### Problem to work on
With pictures left out, set down exactly the lines from the line containing "partypolicysouth060243" through the last line of the data.

(Short web captions)
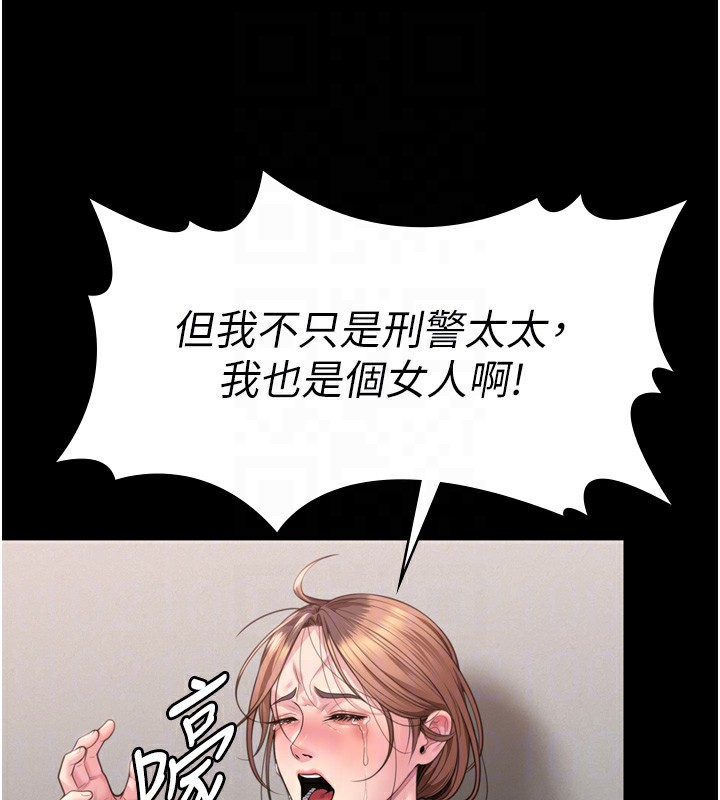 守护妳 - 第6話-一夕直達墮落深淵 - page 108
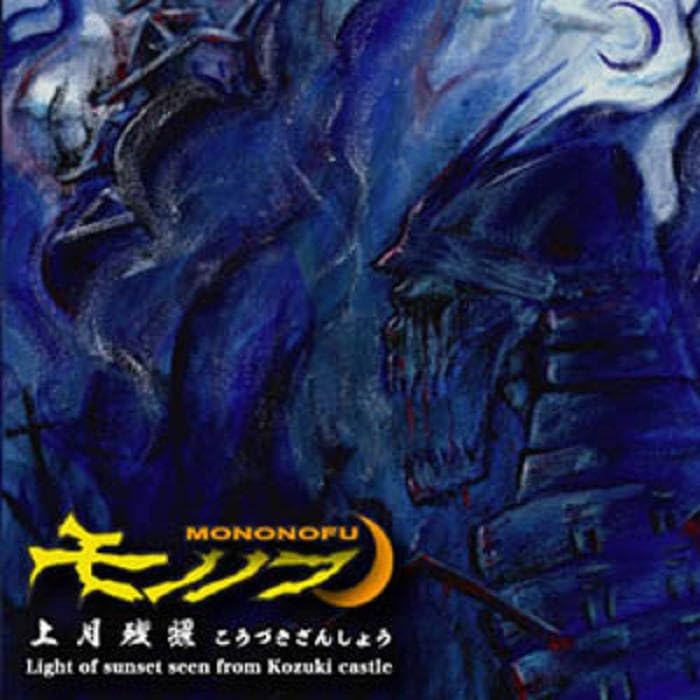 ★CD【モノノフ/上月残照】■ Amazon.co.jp: 上月残照: ミュージック
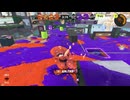 【不快指数】ロラコラ振るならアツく振れ【MAX】
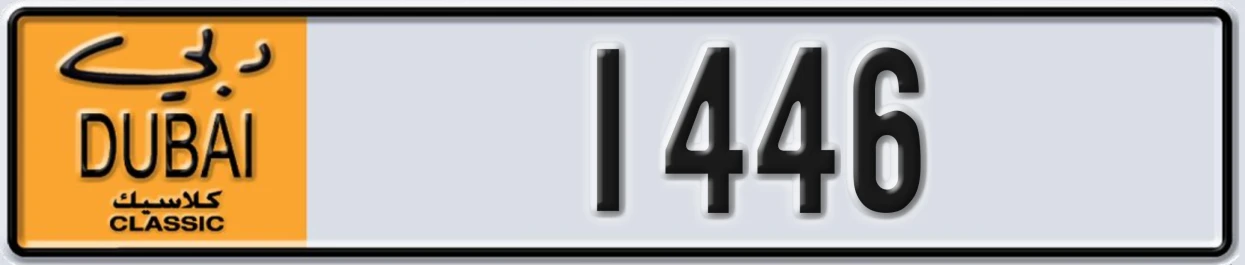 UAE License Plate Dubai Classic NOC 1446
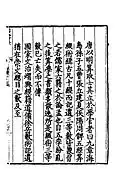 Shushu Jiyi
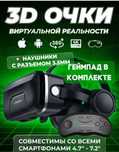Vr очки  shinecon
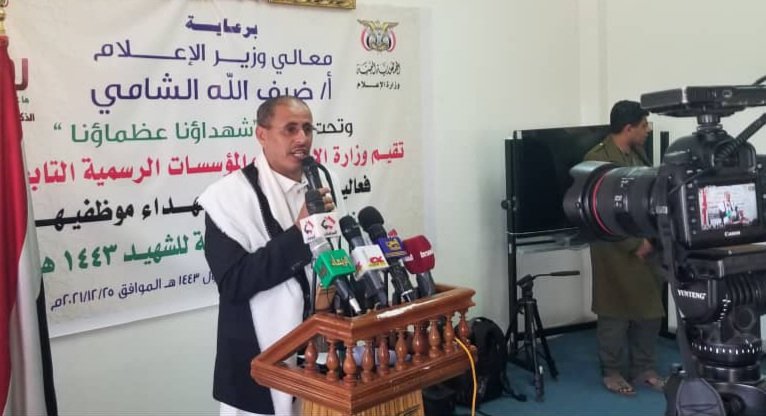 الصورة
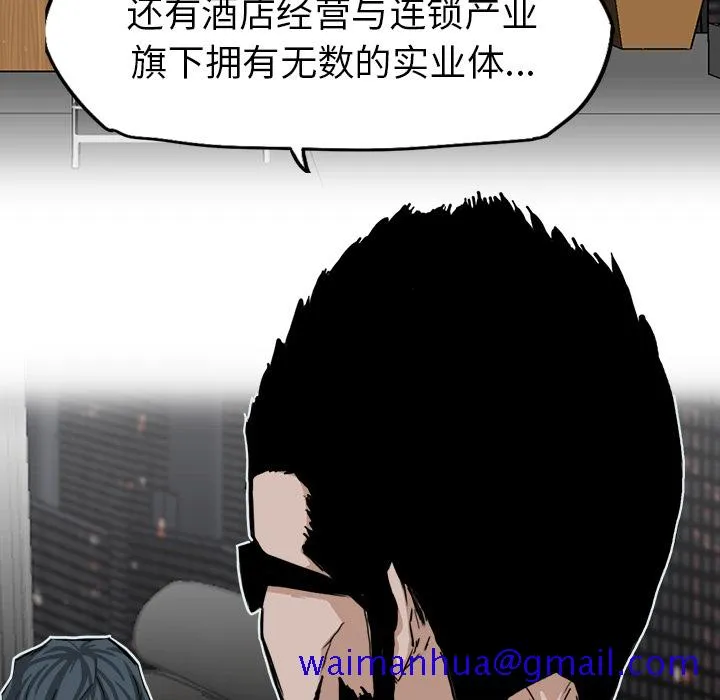 极道高校生 第10章 第41页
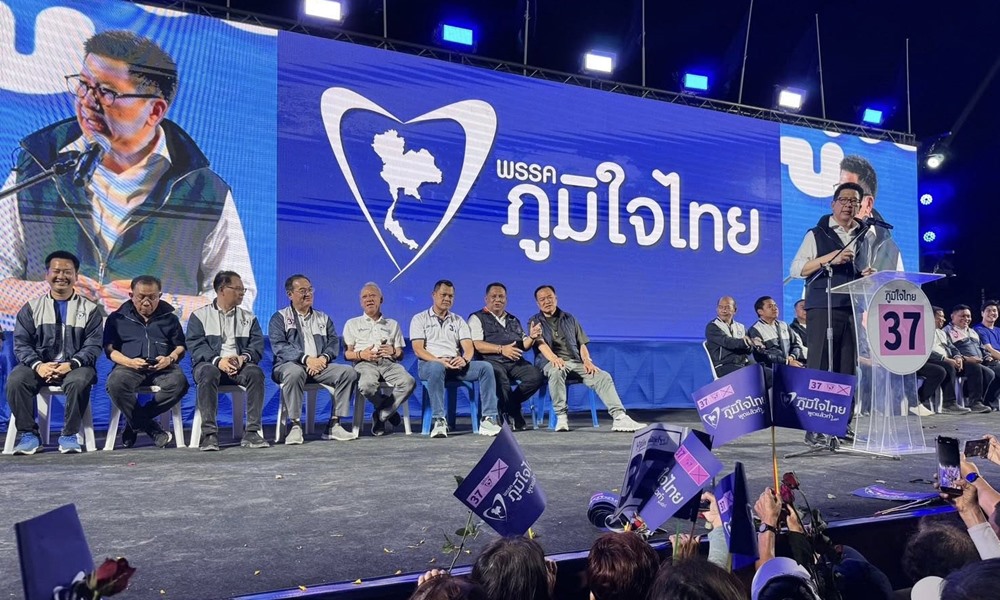 partypolicysouth060243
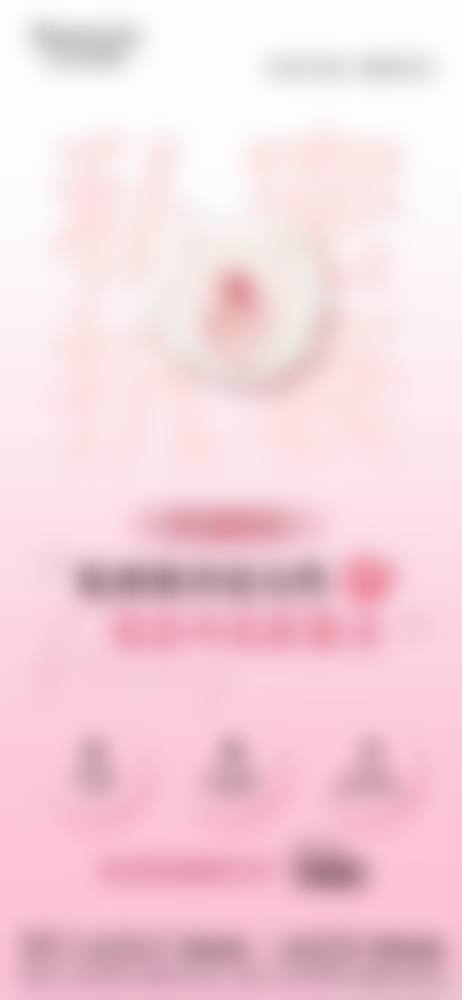 江西百佳艾玛私密整形怎么样基本信息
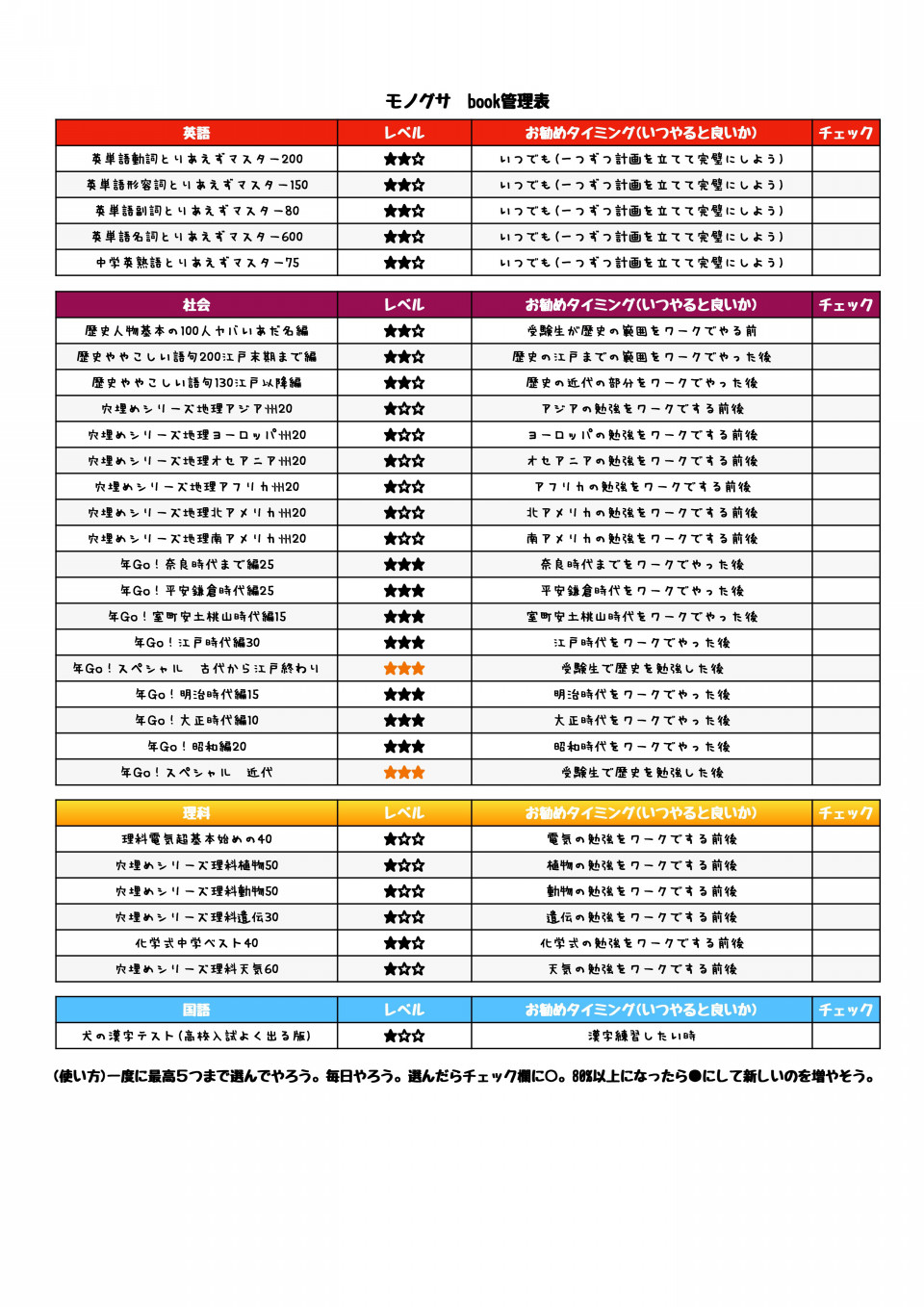 年号語呂合わせ年表プリント近代編で物語の流れと暗記を強化しよう 第二の家 ブログ 藤沢市の個別指導塾のお話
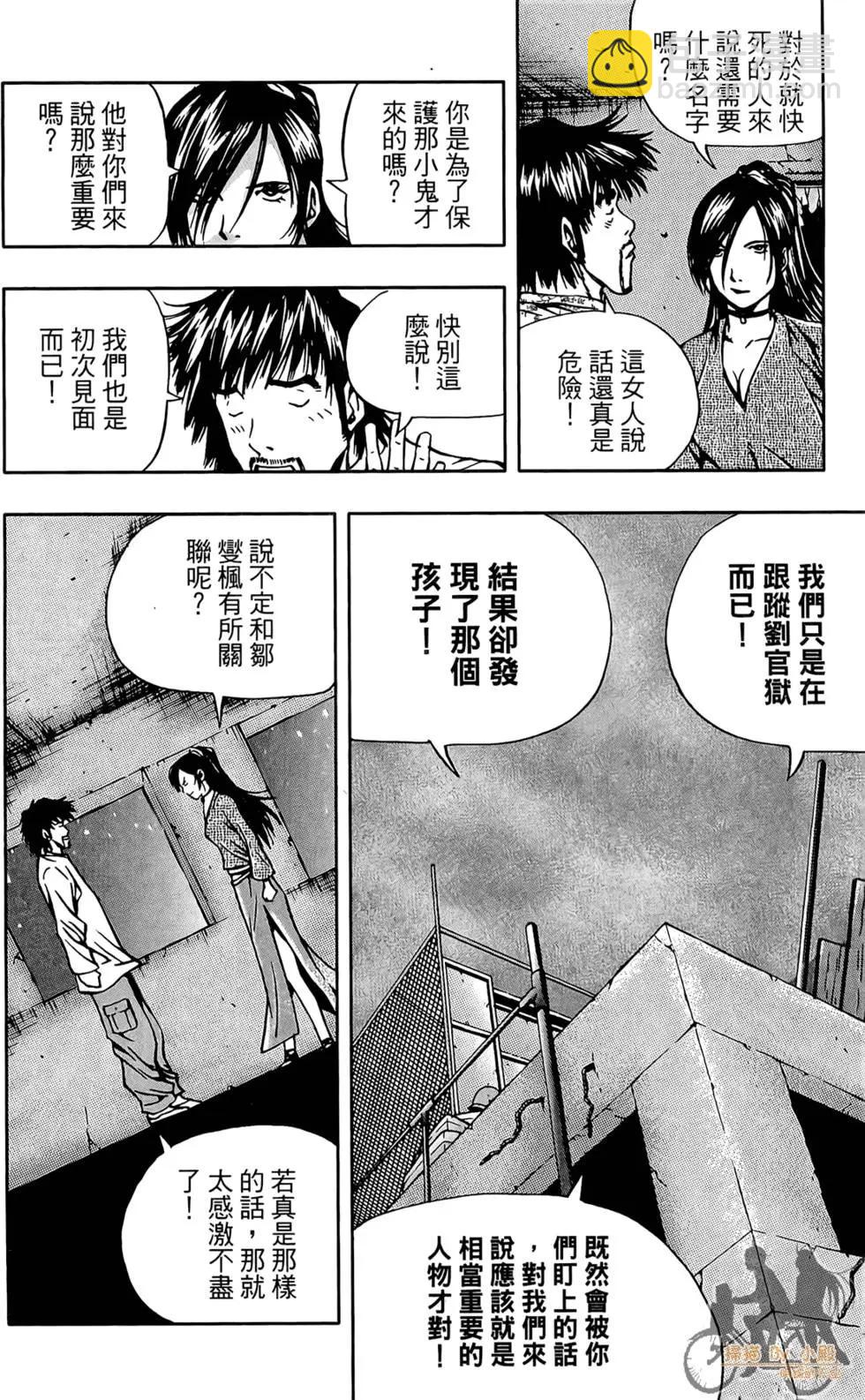 第03卷121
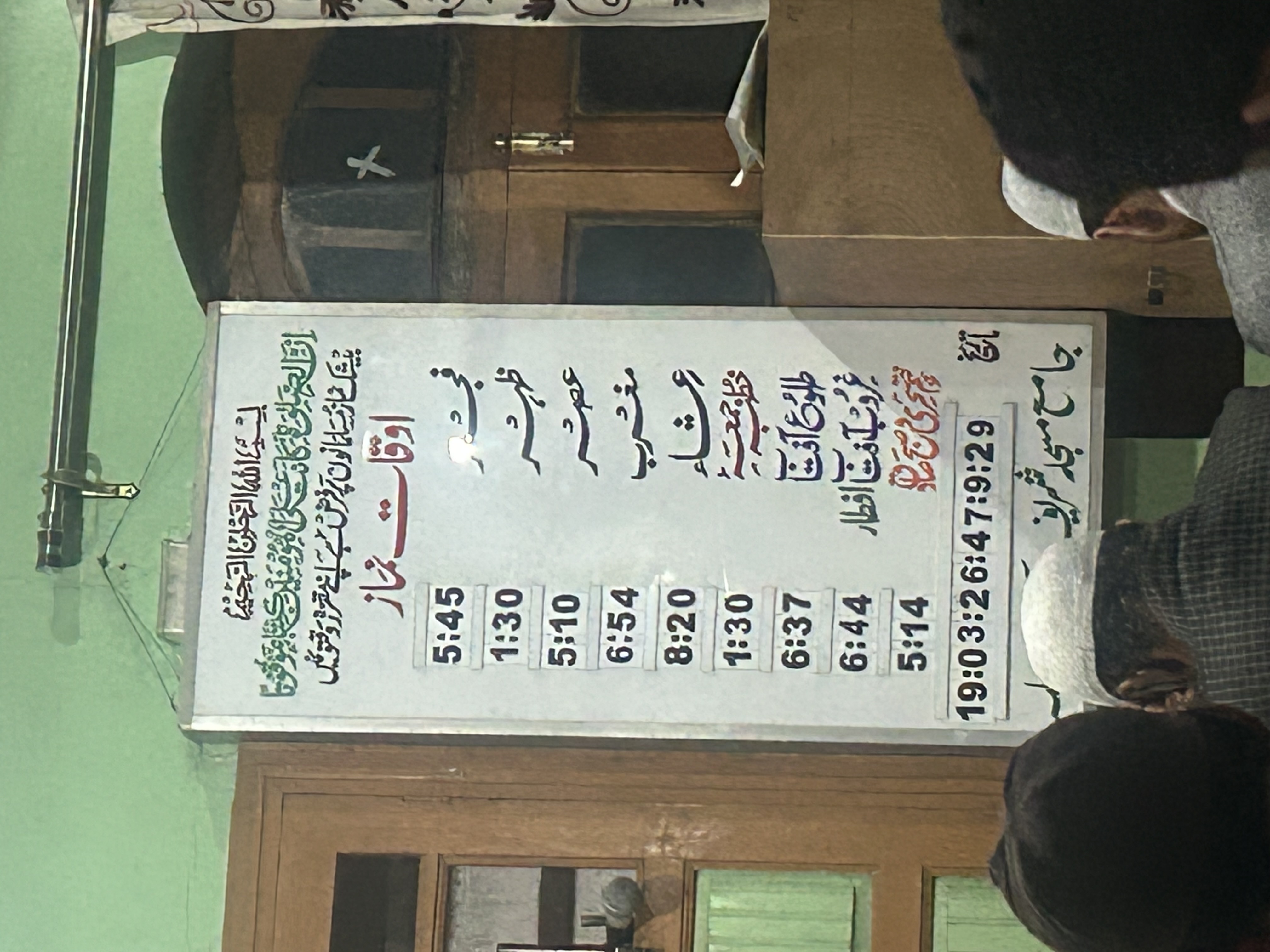 Jamia masjid draklaran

### Answer section
 partypolicysouth060243
 江西百佳艾玛私密整形怎么样基本信息
 年号語呂合わせ年表プリント近代編で物語の流れと暗記を強化しよう 第二の家 ブログ 藤沢市の個別指導塾のお話
 第03卷121
 Jamia masjid draklaran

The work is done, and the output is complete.